5 kg body locates 4 meters above ground. After it released it will go down because it heavier than 3 kg body. Energy conservation principle says:

$E_{p}=E_{k}$

(1) $m\times a\times h = \frac{m\times V^2}{2}$

where m - mass of body (5 kg), a - acceleration (not equals to gravitational acceleration in our case because we have 3kg body on other side), h - height (4 meters), V - velocity of body near ground.

acceleration could be found:

$F_{result} = F_{g5} - F_{g3}= m_{5}\times g - m_{3} \times g;$

$F_{result} = 5\times 9.8 - 3\times 9.8 = 49 - 29.4 = 19.6N$;

$F_{result}=m_{5}\times a;$

$a=\frac{F_{result}}{m_{}}=\frac{19.6}{5}=3.92 m/s^2$

so, returning to formula (1) we can find V of body 5kg and body 3 kg (they a the same in this moment)

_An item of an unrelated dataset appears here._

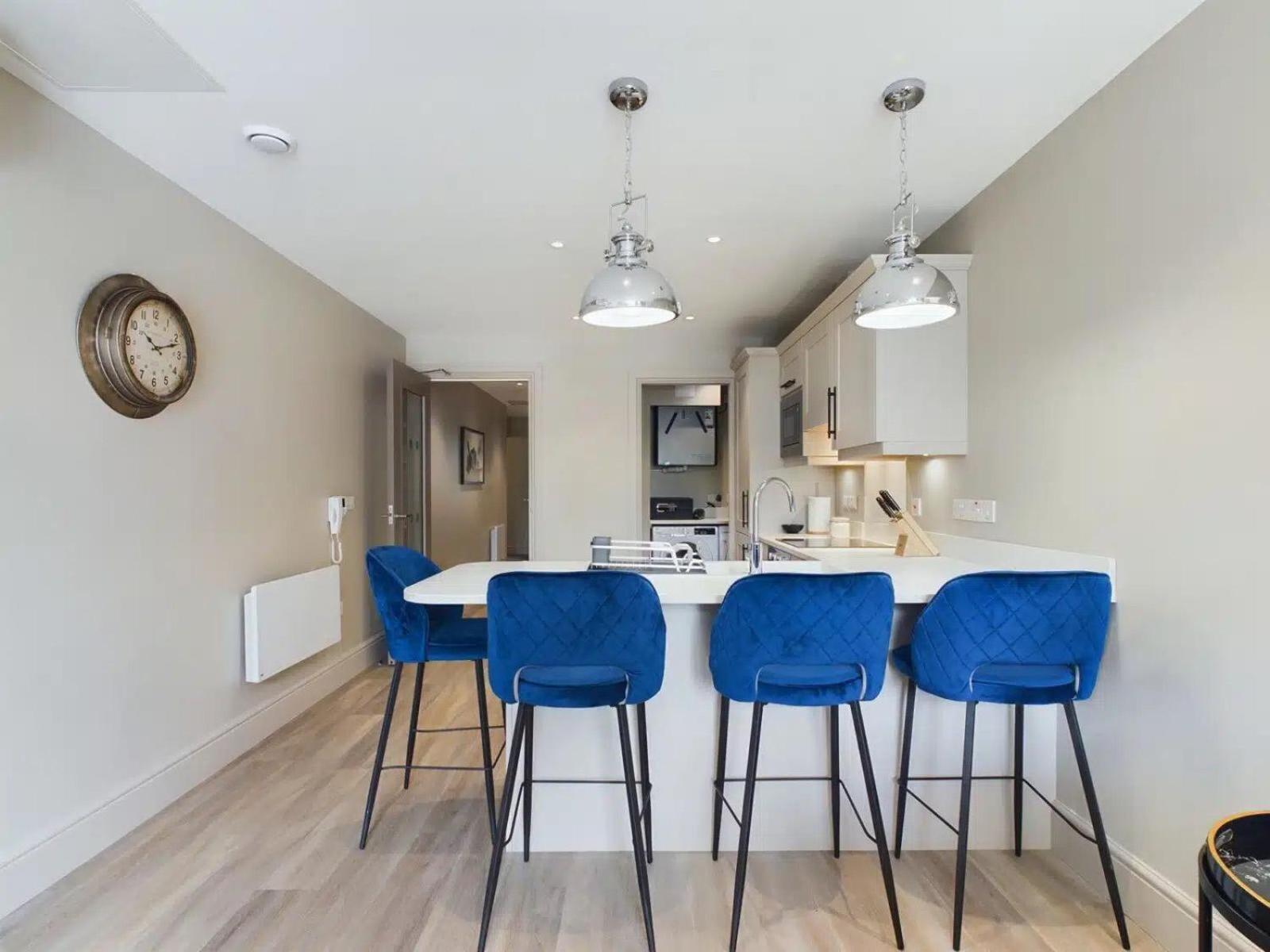 Lesley House Apartments Belfast Zewnętrze zdjęcie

$V=\sqrt{\frac{m_{5}\times a \times h \times 2}{m_{5}}}=\sqrt{a \times h \times 2}=\sqrt{3.92\times 4\times 2};$

$V=5.6m/s$

Ansver for first question speed is 5.6 m/s

After 5 kg body hit ground, body 3kg will locate on height 8 m and continue move upward for some time, because it has some speed. To find maximum height which body 3 will have, let's use the same principle:

$m_{3}\times g\times h=\frac{m_{3}\times V^2}{2};$

$h=\frac{V^2}{2\times g}$

this time we use g because only force that affects body 3 kg is gravity.

$h=\frac{5.6^2}{2\times 9.8}=1.6m$

So maximal height of body 3 kg is 8 + 1.6 = 9.6m